Но я не хотел бы здесь повторять многое такое, что мне уже приводилось говорить в печати и тотчас после кончины Ивана Сергеевича, и в день его похорон, и позднее – в течение целой четверти века, вплоть до текущего года, до той беседы с читателями, где я вспоминал о некоторых ближайших приятелях Тургенева, и литературных и, так сказать, бытовых.

Да будет мне позволено взять в этом очерке только несколько моментов из своих встреч с Тургеневым в разные эпохи его писательской жизни и начать с его торжественных похорон в Петербурге, идя все назад, к нашему первому знакомству в 1864 году, в такой момент его писательского поприща, когда он стоял на распутье вследствие того, как сложилась его интимная жизнь, и под влиянием той размолвки, какая произошла после «Отцов и детей» между ним и русской критикой и молодой публикой.

Я не видал похорон Достоевского и Некрасова (тогда я жил в Москве), а поэтому не могу и сравнивать их с тем, как Россия (а не один Петербург) провожала в могилу Тургенева…

Но таких похорон я никогда и нигде, за исключением В. Гюго, в Западной Европе не видал, да, вероятно, и не увижу…

В них было что-то радостно-торжественное, – как такое определение ни противоречит самой идее похоронной процессии. Но это было именно так. Те, кто помнят этот день, вероятно, подтвердят верность такого «настроения»…

Светлый, ярко-солнечный, теплый день. Вся столица встрепенулась и готовилась к этой могучей, первой по счету, манифестации… «Манифестация» значит обнаружение, а это и было настоящее обнаружение чувств лучшей доли русского общества, которая хотела показать всем охранителям и гасильникам, как она желает проводить тело Тургенева в могилу…

II

И сейчас же память переносит меня к другому солнечному, даже жаркому дню в том же году, всего за несколько недель до 22-го августа 1883 года.

Я был в Париже, когда болезнь Ивана Сергеевича превратилась уже в нестерпимое мучительство, когда он доходил до признаков отчаяния от ужасных болей и раз стал умолять, чтобы его «убили»…

Он лежал в своем домике, около виллы Виардо, в Буживале, где мне очень давно не приводилось бывать – с половины 60-х годов.

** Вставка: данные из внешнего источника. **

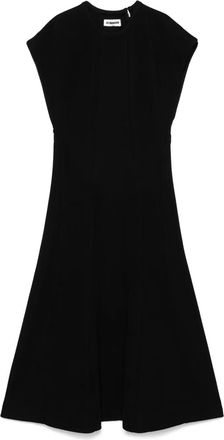 Jil Sander Abito midi a coste - Nero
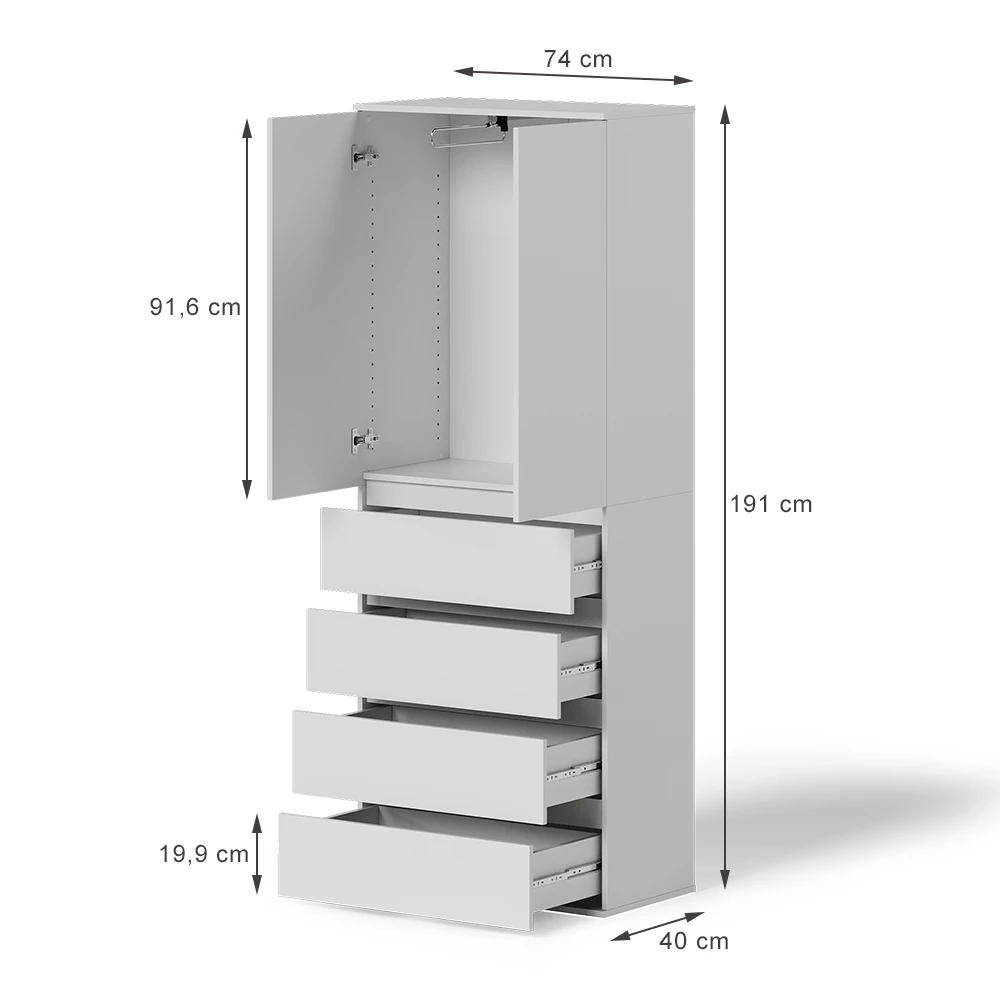 Kleiderschrank in Weiß auf weißem Hintergrund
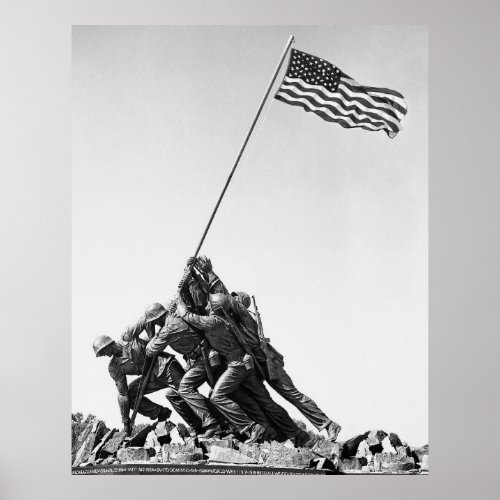 United States Marine Corps Flag Raising Poster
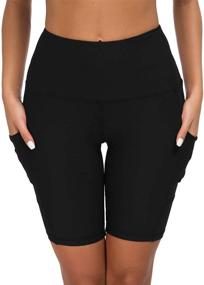 img 2 attached to 🩲 Custer's Night High-Waist Yoga Shorts with Tummy Control, Out Pocket, Workout Running 4-Way Stretch Leggings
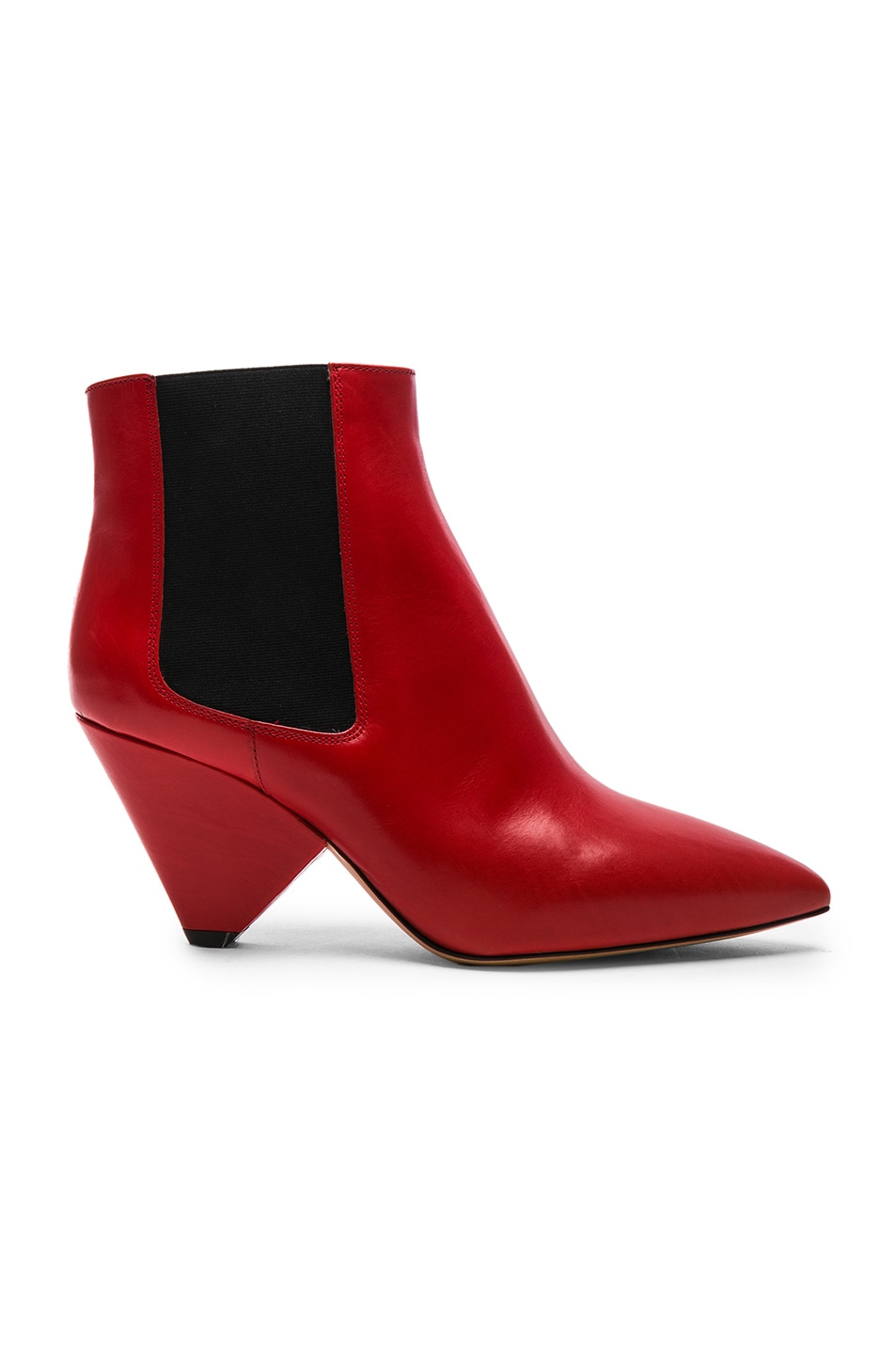 Image 1 of Isabel Marant Leather Lashby Low Boots in Red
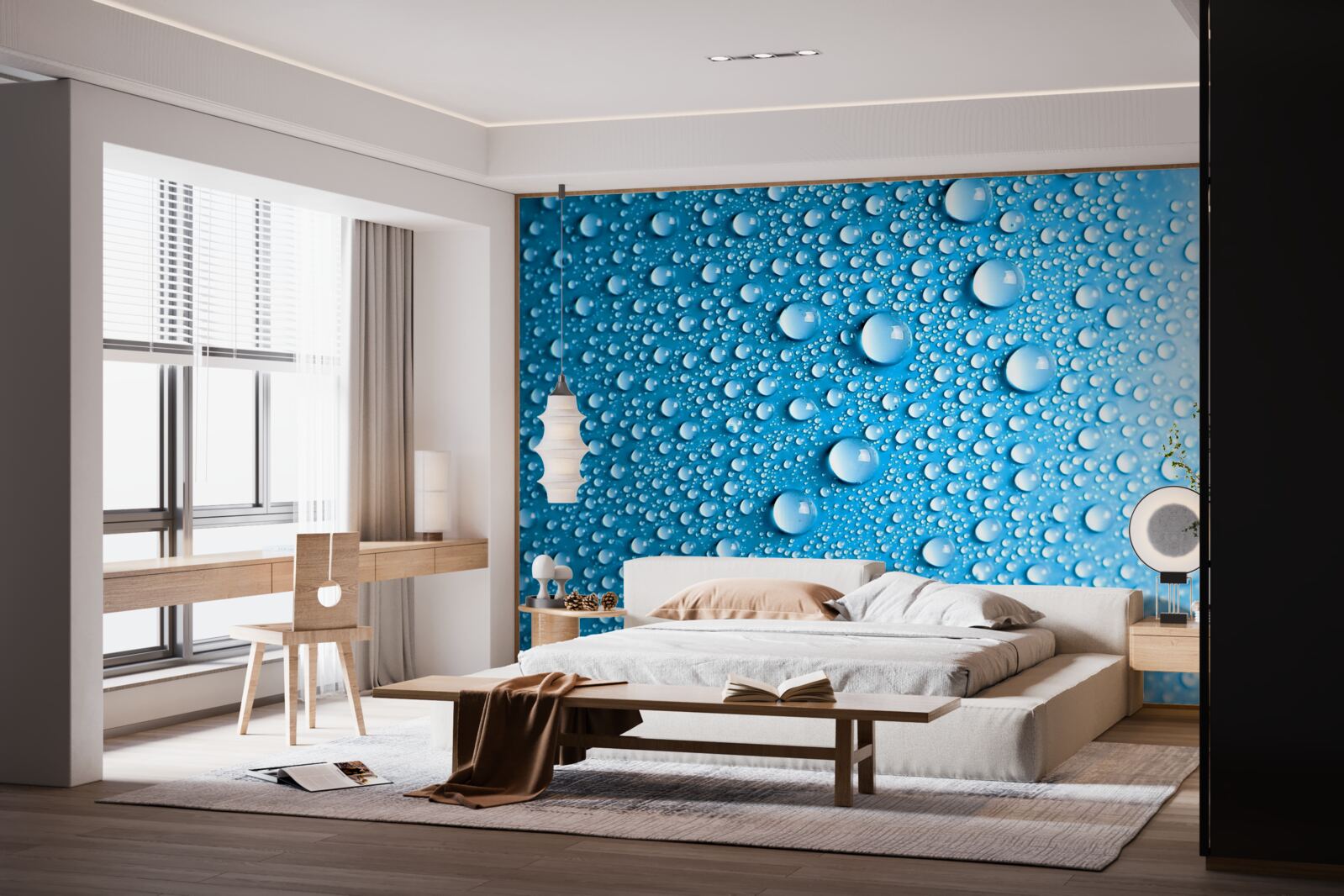 Fototapet picături mari pe un fundal albastru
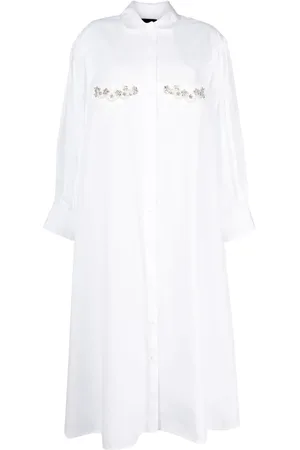 Simone Rocha Crystal-embellished cotton shirtdress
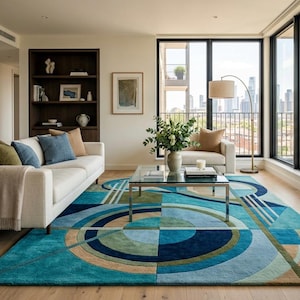 Blue Geometric Area Rug 5x7 6x9 8x10 Modern Abstract Living Room Rug Contemporary Handmade Carpet Teal Navy Accent Rug 9x12 10x14 Rug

Зная, что при нем тогда находился почти бессменно г. О[не]гин, которого я встречал еще с 1867 года, я обратился к нему, чтобы узнать, можно ли навестить больного. Ответ был очень тревожный. Понятно, что больного усиленно ограждали от всяких посещений, даже и близких ему людей. А я был только его младший собрат и не мог претендовать на исключение в мою пользу. Но мне было бы слишком жутко уехать из Парижа, не побывав в Буживале, если не за тем, чтобы видеть Ивана Сергеевича, то хотя для того, чтобы что-нибудь узнать о нем от тех, кто находился при нем до сих пор, – а прошло четверть века, – точно в стереоскопе перед моим внутренним зрением дорожка в парке, поднимающаяся к замку Тургенева. Вилла Виардо – по левую руку для того, кто поднимается.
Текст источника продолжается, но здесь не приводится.